Tengo muchos recuerdos asociados a ella. Cuando levantaba las persianas cada mañana, era lo primero que veía y desde dónde me hacía una idea de a qué tiempo nos enfrentábamos (yo siempre controlando el tiempo, no fuera a ser).
Ahí pasaba gran parte de mis mañana de marzo a octubre, tostándome al sol (mi actividad inútil favorita del mundo). En mi hamaca con cualquier libro, devorándolo. O pensando en lo que fuera que me rondara la cabeza en esos momentos.
Recuerdo que todos los septiembres, cuando me tocaba tender la ropa (por eso de colaborar en casa y ser una persona de provecho), mientras tendía la ropa aún en tirantes, pensaba que la mejor parte del año llegaba a su fin. Mi adorado verano se empezaba a despedir durante esas noches en que ya refrescaba seriamente y con las primeras clases universitarias (¿podemos volver a la uni, por favor?).
En marzo me pasaba algo similar, pero cambiando la nostalgia por emoción. Sabía que la primevera llegaba y con ella, yo renacería. Suena cursi y cutre, pero siempre he sido así. El invierno me quita un poco de vida mientras que la primavera me la da. Soy la definición gráfica de la depresión estacional.

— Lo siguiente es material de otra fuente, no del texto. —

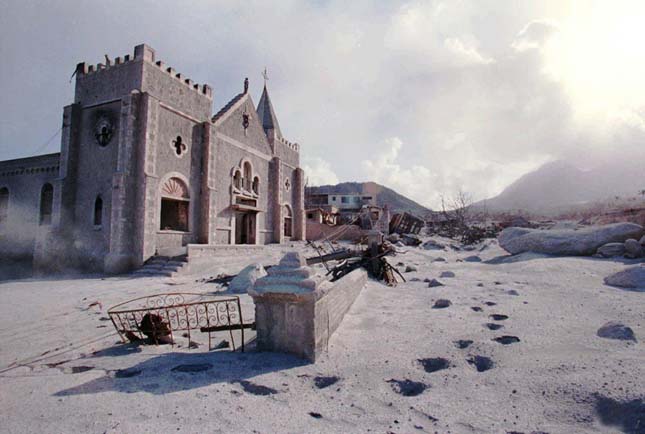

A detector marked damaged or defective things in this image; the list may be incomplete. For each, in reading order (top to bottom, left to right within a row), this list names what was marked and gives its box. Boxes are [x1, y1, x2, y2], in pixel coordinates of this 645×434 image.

rusted iron gate [108, 294, 252, 350]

En esa terraza también me sentaba por las noches y miraba el cielo (sé que quedaría mucho mejor decir que miraba las estrellas, pero no es que la polución nos deje muchas opciones para ponernos románticos).
Recuerdo que las miraba y me prometía que todo iba a salir bien. Que al cabo de un tiempo volvería a mirar ese mismo cielo y todo estaría bien. Que llegarían nuevas esperanzas, nuevas ilusiones y nuevas situaciones que me harían feliz. A día de hoy, aún lo hago. Ya no desde mi terraza, pero si desde el cuchitril de terraza microclimática que tenemos ahora.
Porque ese siempre ha sido mi argumento.
El de «todo pasa con el tiempo«. El de «estaremos mejor«. El famoso «el tiempo lo cura todo«.
De hecho, es mi consejo por excelencia ante cualquier drama ajeno. He prometido tantas veces que un día, cuando te levantes estarás bien y sonreíras al recordar que ya no duele que, si me gustaran los tatuajes, me lo tatuaría para no tener que repetirlo una vez más (pero tengo tantas ganas de pintarrajearme la piel como de que me quiten más muelas)
Es un tópico de esos de manual pero.. si lo has vivido, puedes usarlo en base a tu experiencia, ¿no? Sí, tiene que haber algúna norma no escrita que lo ponga.
Y de esto yo sé un buen rato. Recuerdo que la primera vez que me prometí a mi misma que un día me levantaría bien fue en el 2012 (mi hipertimesia siempre al loro).
Cuando mi primer proyecto de intento de relación, se fue al pique.
También fue ese el año en que me pillé de la única persona que realmente me ha gustado en toda mi vida. No obstante, esta es otra historia que no hemos venido a contar.
El tema es que, después de pasarlo mal, hacer el inútil, sentirme la persona más estúpida de la historia y hundirme un poco más, llegó un punto que dije «sanseacabó». Seguí un poco en el pozo pero me hice la gran promesa de mi vida y… oh la la, lo cumplí. O se cumplió. Yoquesé.
Al final, lo que cuenta es que de todo se sale. Que estaremos bien y que sí, el tiempo todo lo cura.